Most of the sequences (97.8%) were effectively classified in the genus category. A total of 26 bacterial phyla were identified. Proteobacteria (75.7% ± 0.87 IW and 90.9% ± 5.34 PW), Deinococcus-Thermus (14.06% ± 0.65 IW and 1.77% ± 1.28), and Aquificae (7.48% ± 0.19 IW and 1.11% ± 0.46) were the dominant phyla accounting for more than 90% of the whole bacterial community in both samples. In the produced water, the phyla Thermotogae (2.5%) and Bacteroidetes (2.26%) were in higher proportions (Supplementary Figure 1). At the genus level, a total of 218 taxa were classified (Figure 2B). Tepidiphilus, belonging to Hydrogenophilalia class, was the dominant genus in both samples, 75.6% ± 0.9 and 77.6% ± 25.06 IW and PW, respectively. Thermus and Hydrogenobacter were, respectively, the subdominant genera in the IW and PW samples accounting for 14.04% ± 0.63 and 6.38% ± 0.16.
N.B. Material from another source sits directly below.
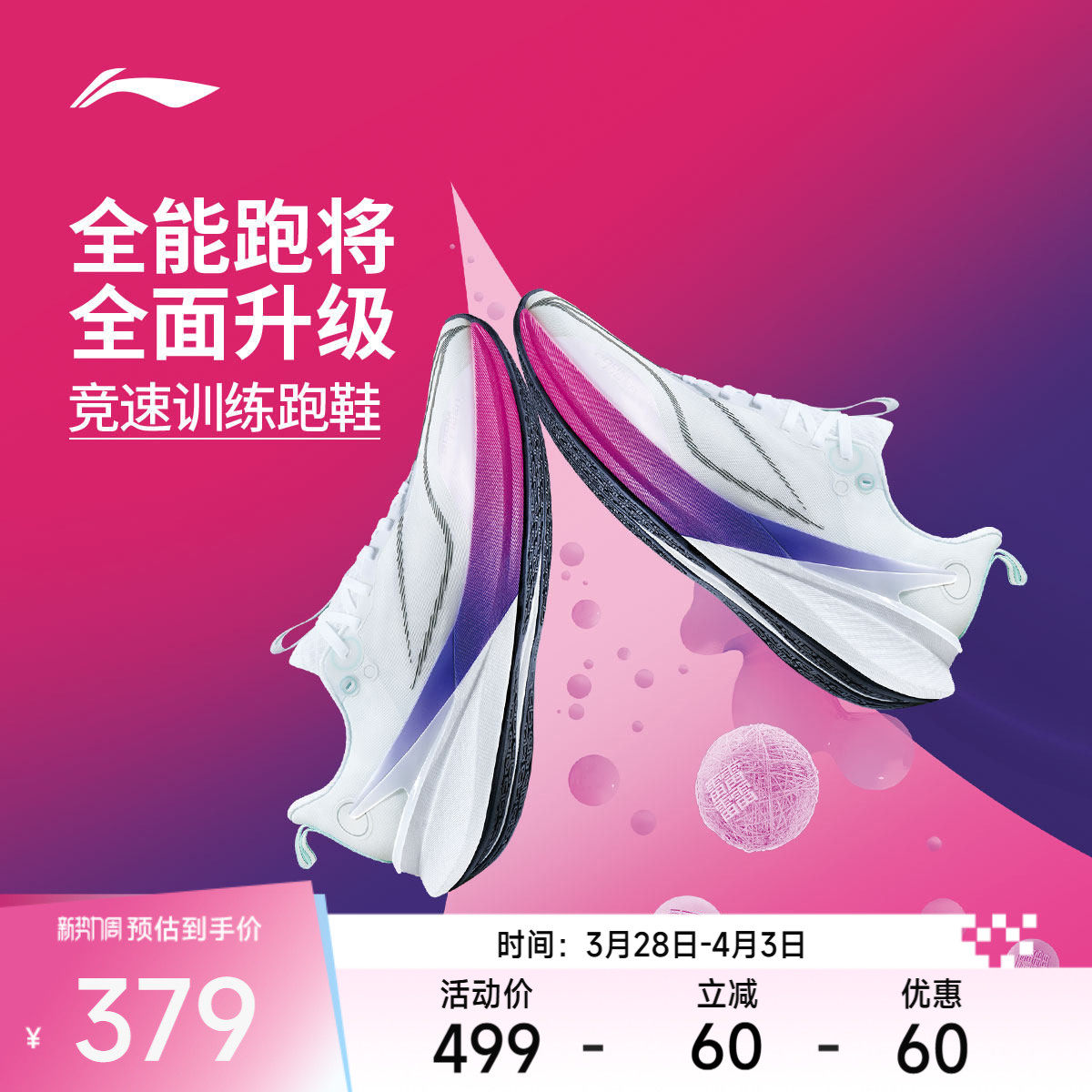 李宁 x 英雄联盟联名系列赤兔8 PRO 跑步鞋女2026新款低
A core community of 9 bacterial OTUs was detected for the IW and PW representing between 48.5 and 92.2% of all assigned sequences. This core community consisted of Tephidiphilus, Thermus, Thermosulfidibacter, Hydrogenobacter, Thermodesulfovibrio, Thermodesulforhabdus, Sulfurihydrogenibium, Fervidobacterium, and Dictyoglomus (Figure 3).
Figure 3. Core community analysis. Heat map representing the genera with prevalence in both water samples (IW and PW). In the X-axis is represented the prevalence of each genus with different detection thresholds.
Genome Analysis of the Dominant Microorganism in the Injection Water
Microbes selected in the injection waters show a resilient phenotype to the biocides THPs and glutaraldehyde applied in the oil reservoir recycled water. To gain insights into the genome structure of the dominant Tepidiphilus of the injection water, complementary genomic/metagenomic analyses were performed.
The metagenome of the injection water was de novo assembled, yielding 38,342,519 total bases contained in 38,581 scaffolds. Analysis of the nucleotide length, average sequencing depth, and the taxonomic assignation of each scaffold show that sequences of the same microorganism tend to cluster in a narrow sequencing depth range (Figure 4). Moreover, the taxonomic data (color of the dots) supports the related taxonomic origin. In concordance with the previous metataxonomic and taxonomic analysis of the shotgun reads, we observed a clear dominance of Tepidiphilus (orange dots), which exhibits the longest scaffold assembled (695,641 bases). It is also evident that two clusters of Tepidiphilus scaffolds were present, one that exceeds the 1,000X average sequencing depth and another at around 16X with lower nucleotide length counts.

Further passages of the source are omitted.